A study by two Macquarie University speech scientists, which is tracking a century of change in the Australian accent, has found an increasing shift away from the stereotypical broad Australian English - a la Paul Hogan - and a move to a more generalised form.
"Part of the reason is that the stereotypical accent has been stigmatised because it sounds really ocker," researcher Felicity Cox said. "People want to be more generally known as Australian but not carry those connotations of ockerism."
So how do we sound?
Well, the good news is we're not becoming more American. And thank "hivvens" we're not talking like Kiwis. We're also loath to use the cultivated Queen's English.
We are, according to Dr Cox, finding our identity through a more general accent, which is neither cultivated nor broad.
"Accent is not only a marker of personal identity but also a marker of national identity."
She said people are determined not to sound like Paul Hogan, the Crocodile Hunter or Kath and Kim.

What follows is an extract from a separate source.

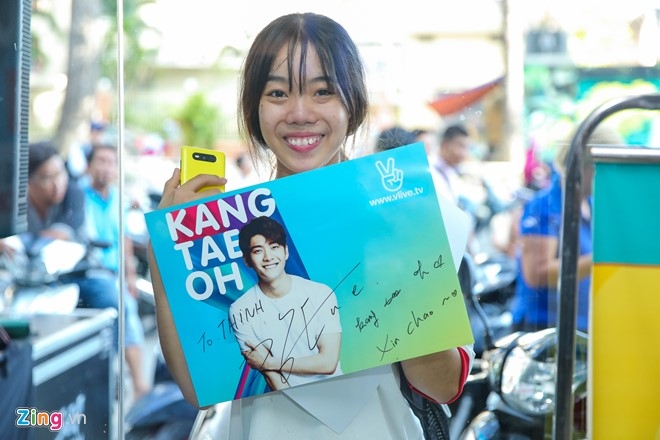 Fan Viet xep hang dai cho gap Kang Tae Oh o Sai Gon hinh anh 11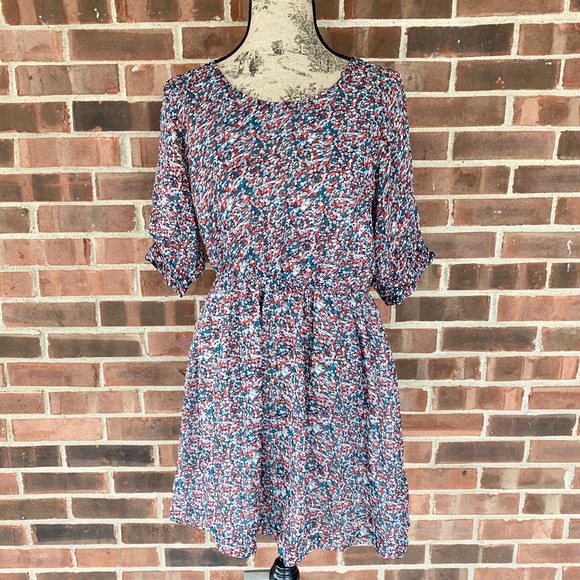 Forever 21 Dresses & Skirts - ⬇️$19 Forever 21 dotted print long sleeve dress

"When we think of the broad stereotypical type we think of people like Steve Irwin. That accent is a kind of a caricature of an Australian. It's not real. It's also associated with something stereotypically Australian - from the past perhaps."
Dr Cox and her colleague, Dr Sallyanne Palethorpe, who have been studying the evolution of the Australian accent for the past 15 years, interviewed more than 500 people in Sydney, rural NSW and Victoria in an attempt to identify the three strands of Australian English: educated-cultivated, general and broad.
"We expected to find a cross-section of speakers from these three types but we actually found it quite difficult to find broad speakers in Sydney. They are more likely to be general."
As part of the study, they also compared the voices of Australians born in the 1880s with
those born a century later.
Dr Cox said the old recordings were found last year in a storeroom at the Speech, Hearing and Language Research Centre.
On the tapes are interviews with 12 rural men and women, from central-western NSW and Tasmania, on their life and Australian culture at the time. "It was just fabulous to listen to their voices," Dr Cox said.
These recordings were compared with voices of Australian teenagers today.
"With these older guys we were expecting that they would be quite broad, the most Australian of Australian accents, but in fact they weren't nearly as broad as we imagined they would be." This has prompted a rethink on when and how the broad Australian accent developed.
"It's possible it could have started in the First World War, and could be something to do with the diggers".
Dr Cox said that there was no evidence of the Australian accent becoming more American.
"We'll occasionally find words that are pronounced in the American way rather than the British way, but that's more to do with the lexicon, not the pronunciation of vowels."
"And we're certainly not seeing any New Zealand influence. In fact we're seeing a divergence."
There had been a move away from the cultivated, due perhaps to the republican movement and a shift from the mother country.
"What we find moreso is that kids today are more likely to speak like their peers, the people they grow up with," Dr Cox said.
She said there was no evidence to suggest private school students spoke differently to public school students from the same area.